My favorite performance items in DB2 LUW v10 - #1: Jump Scan

Index Proliferation - Just Say No

Big piles of indexes don't just appear on a table right from Day 1.  Typically, the number of indexes on a table grows 'organically' over time - we start with one, or two, and eventually, especially if the table is wide & active, more indexes are added to meet the needs of new queries and applications.   This often happens in spite of there being existing indexes that almost work - indexes that overlap heavily with the new candidate indexes, but aren't quite right  because they have gaps, etc.  But DB2 10 adds an indexing mechanism called 'jump scan' which can help reduce the number of indexes you might need on a table.

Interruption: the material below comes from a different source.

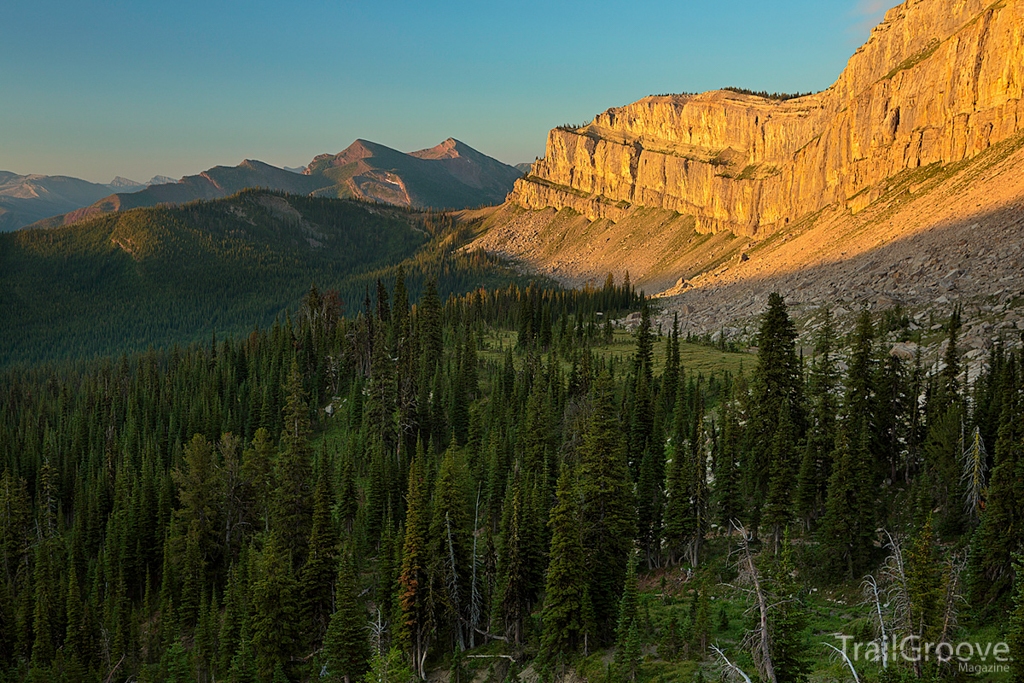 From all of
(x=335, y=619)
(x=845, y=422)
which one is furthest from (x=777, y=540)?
(x=335, y=619)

What can one index do for us, anyway?

As an example, imagine you have a table and index defined something like this:

create table foo( k1 int, k2 int, c1 char(20) )
create index idx1 on foo ( k1, k2 )

This works just fine for queries like

Q1: select c1 from foo where k1 = 2 and k2 = 7

or even

Q2: select * from foo where k1 = 2

Query Q2 above, with just the leading keypart k1 specified, works well with an index scan on idx1 because all keys (k1,k2) with a particular value of k1, or even a range of k1 values, form a single range of keys in the index.  We get a nice start & stop key pair for query Q2, and a table scan is avoided.   The thing below that looks like a sideways table just represents the index, with key pairs going left to right (so sue me, I got lazy and didn't draw a tree...)

But - and this is where many a new index comes from - what about queries like this?

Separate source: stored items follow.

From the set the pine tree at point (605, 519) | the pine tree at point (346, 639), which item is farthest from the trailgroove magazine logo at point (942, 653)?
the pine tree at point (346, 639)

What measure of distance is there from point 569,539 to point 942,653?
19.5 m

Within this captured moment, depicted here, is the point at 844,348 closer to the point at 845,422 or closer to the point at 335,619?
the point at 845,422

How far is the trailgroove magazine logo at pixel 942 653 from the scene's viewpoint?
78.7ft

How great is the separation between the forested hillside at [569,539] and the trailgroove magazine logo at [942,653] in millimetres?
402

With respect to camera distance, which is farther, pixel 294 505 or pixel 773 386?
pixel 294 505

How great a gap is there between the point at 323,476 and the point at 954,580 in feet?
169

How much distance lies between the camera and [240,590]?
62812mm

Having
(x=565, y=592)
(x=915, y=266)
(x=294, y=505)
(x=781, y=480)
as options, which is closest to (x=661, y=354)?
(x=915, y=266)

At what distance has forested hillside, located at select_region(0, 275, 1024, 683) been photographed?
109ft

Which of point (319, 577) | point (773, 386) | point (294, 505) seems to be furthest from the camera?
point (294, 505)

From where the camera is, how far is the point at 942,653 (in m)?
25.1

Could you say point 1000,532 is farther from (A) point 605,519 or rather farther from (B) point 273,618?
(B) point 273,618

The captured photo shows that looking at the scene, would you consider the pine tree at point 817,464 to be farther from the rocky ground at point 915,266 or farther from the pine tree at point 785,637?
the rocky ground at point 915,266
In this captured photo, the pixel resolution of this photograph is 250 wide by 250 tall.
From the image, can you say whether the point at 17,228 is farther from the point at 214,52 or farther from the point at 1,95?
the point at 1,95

Q3: select * from foo where k2 = 7

Well of course, you say - this will cause a tablescan, right?  And it pretty well always would, prior to DB2 10.  Keys with a given value, say k2=7, are scattered all over the index, so idx1 isn't going to be much help to us.   And - if you want index access, you'll probably have to create another index (cue ominous music - the index proliferation has begun...)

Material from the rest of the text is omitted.